What you should do – As you write out the lines from the one containing "16Pcs 2 Color" through the last line of the records, keep them exact and leave out pictures.

Collection entries
···
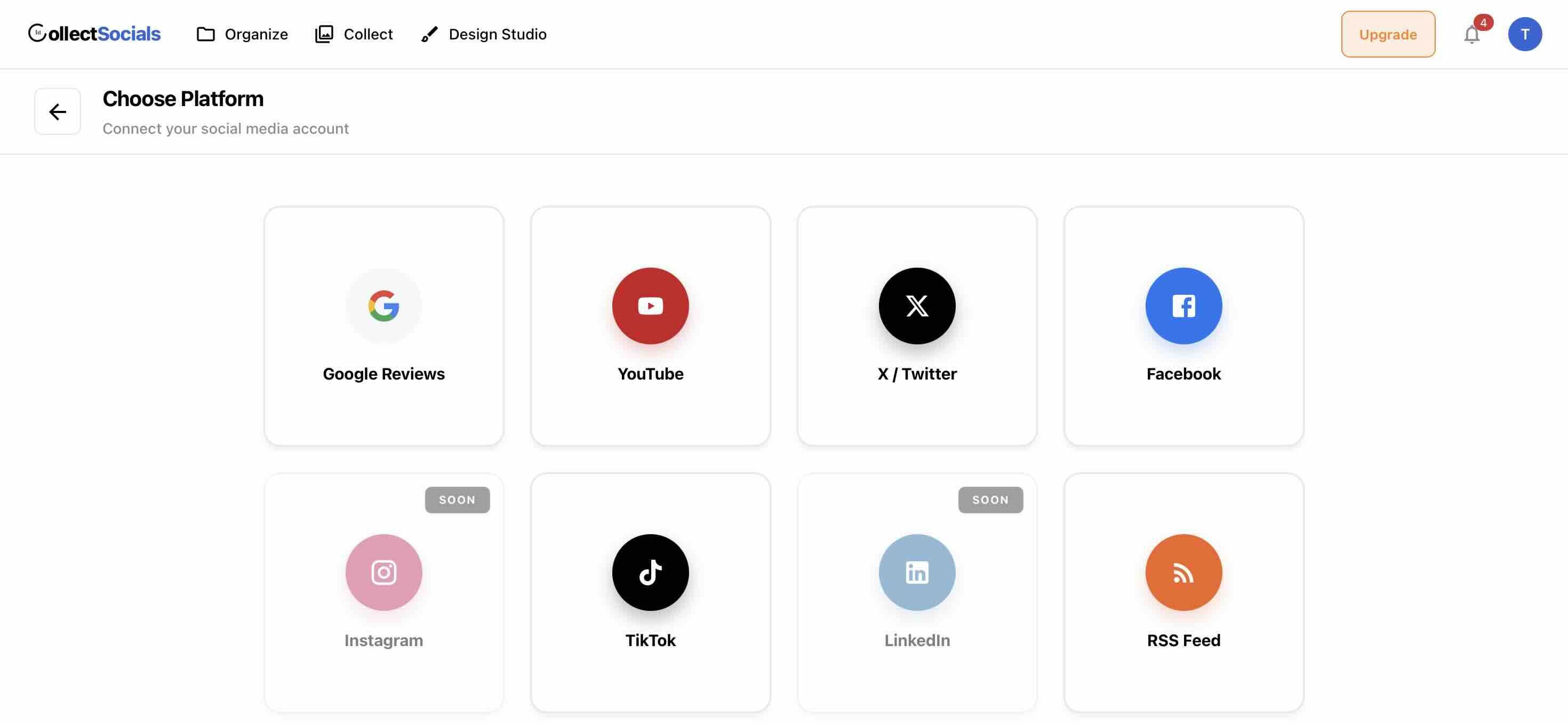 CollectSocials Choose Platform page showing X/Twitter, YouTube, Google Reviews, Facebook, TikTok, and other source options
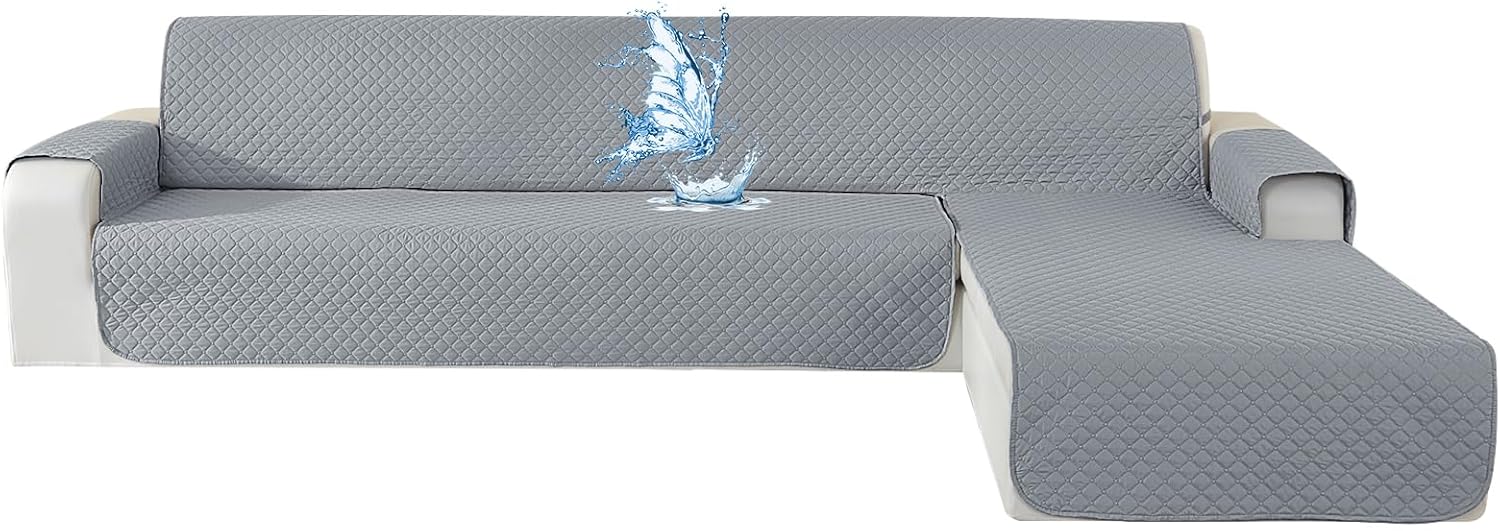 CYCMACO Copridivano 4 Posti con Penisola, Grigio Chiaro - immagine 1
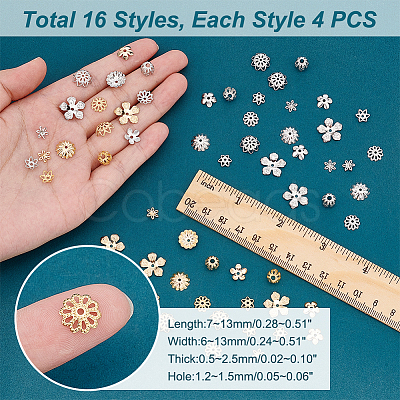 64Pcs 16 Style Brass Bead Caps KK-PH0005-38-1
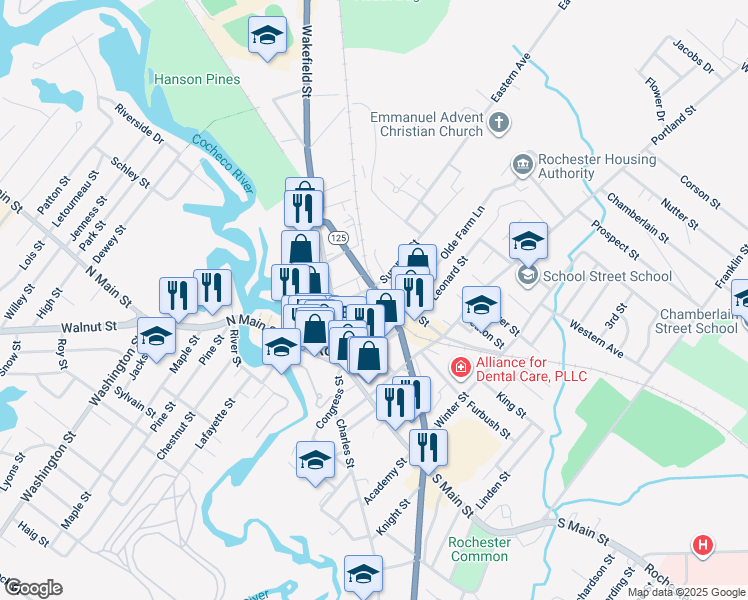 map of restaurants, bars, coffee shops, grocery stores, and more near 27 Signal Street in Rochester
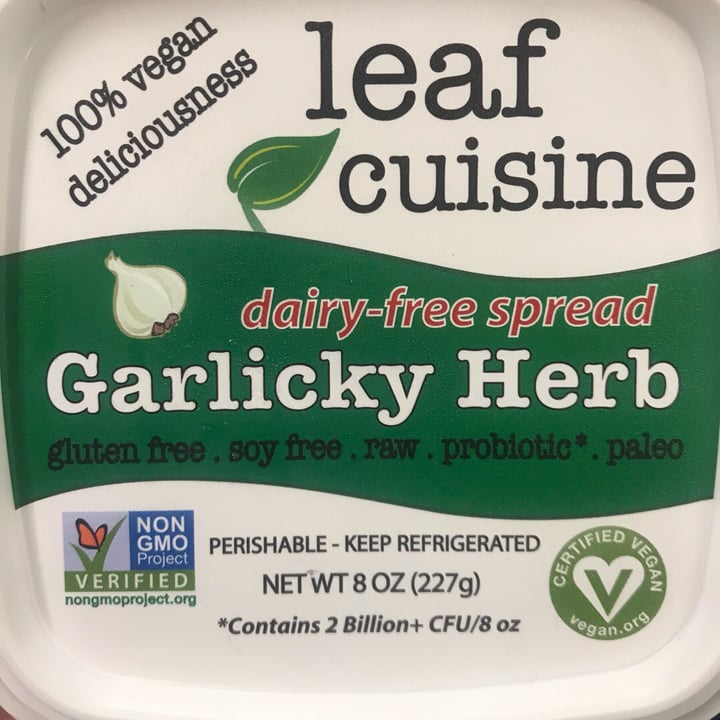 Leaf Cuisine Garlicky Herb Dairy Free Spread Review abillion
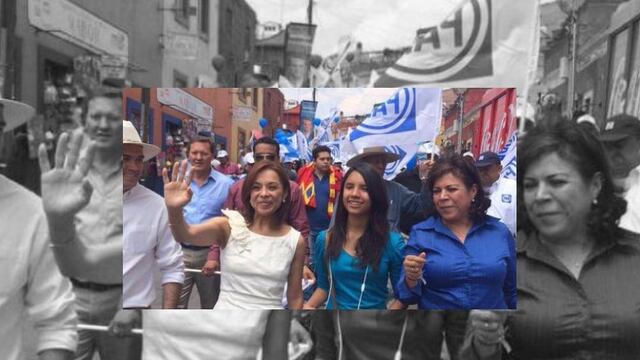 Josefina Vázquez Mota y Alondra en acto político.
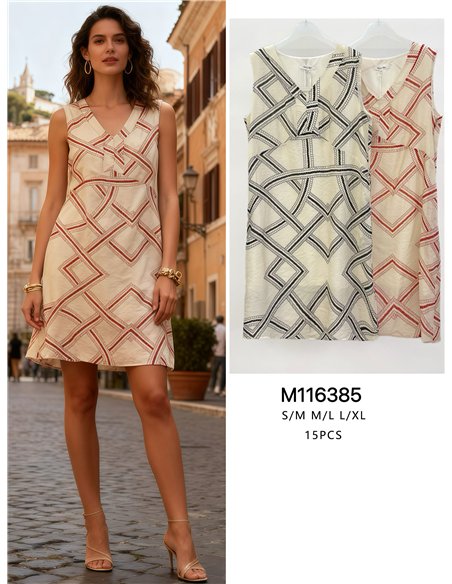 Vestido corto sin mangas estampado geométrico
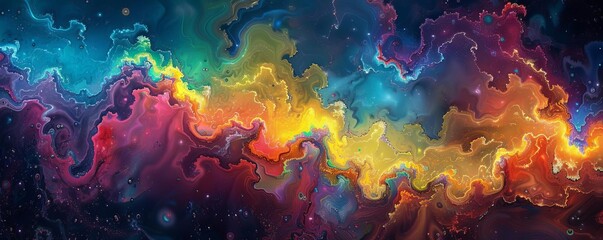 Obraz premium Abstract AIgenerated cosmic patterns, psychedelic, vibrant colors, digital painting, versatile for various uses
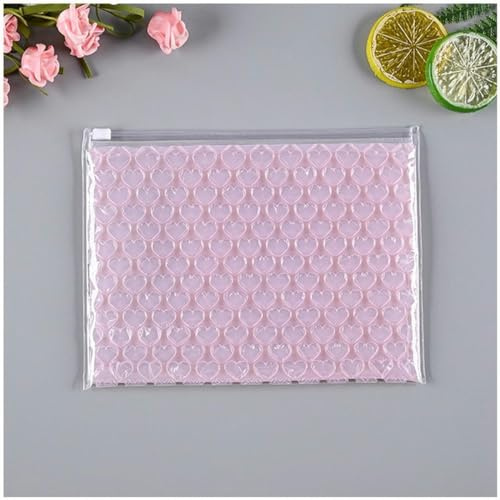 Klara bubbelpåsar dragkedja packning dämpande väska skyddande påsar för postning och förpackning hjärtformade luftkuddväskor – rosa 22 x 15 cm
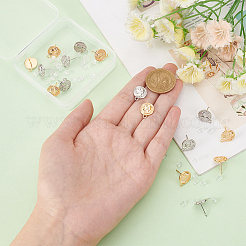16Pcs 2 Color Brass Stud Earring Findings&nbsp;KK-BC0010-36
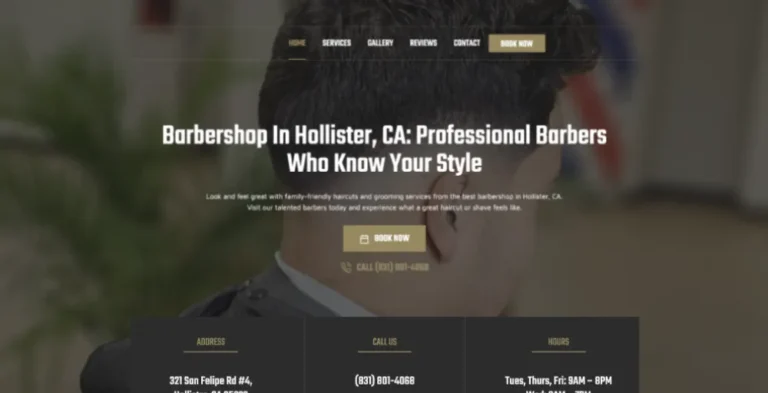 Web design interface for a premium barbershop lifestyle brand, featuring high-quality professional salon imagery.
···
Reply –
16Pcs 2 Color Brass Stud Earring Findings&nbsp;KK-BC0010-36
 Web design interface for a premium barbershop lifestyle brand, featuring high-quality professional salon imagery.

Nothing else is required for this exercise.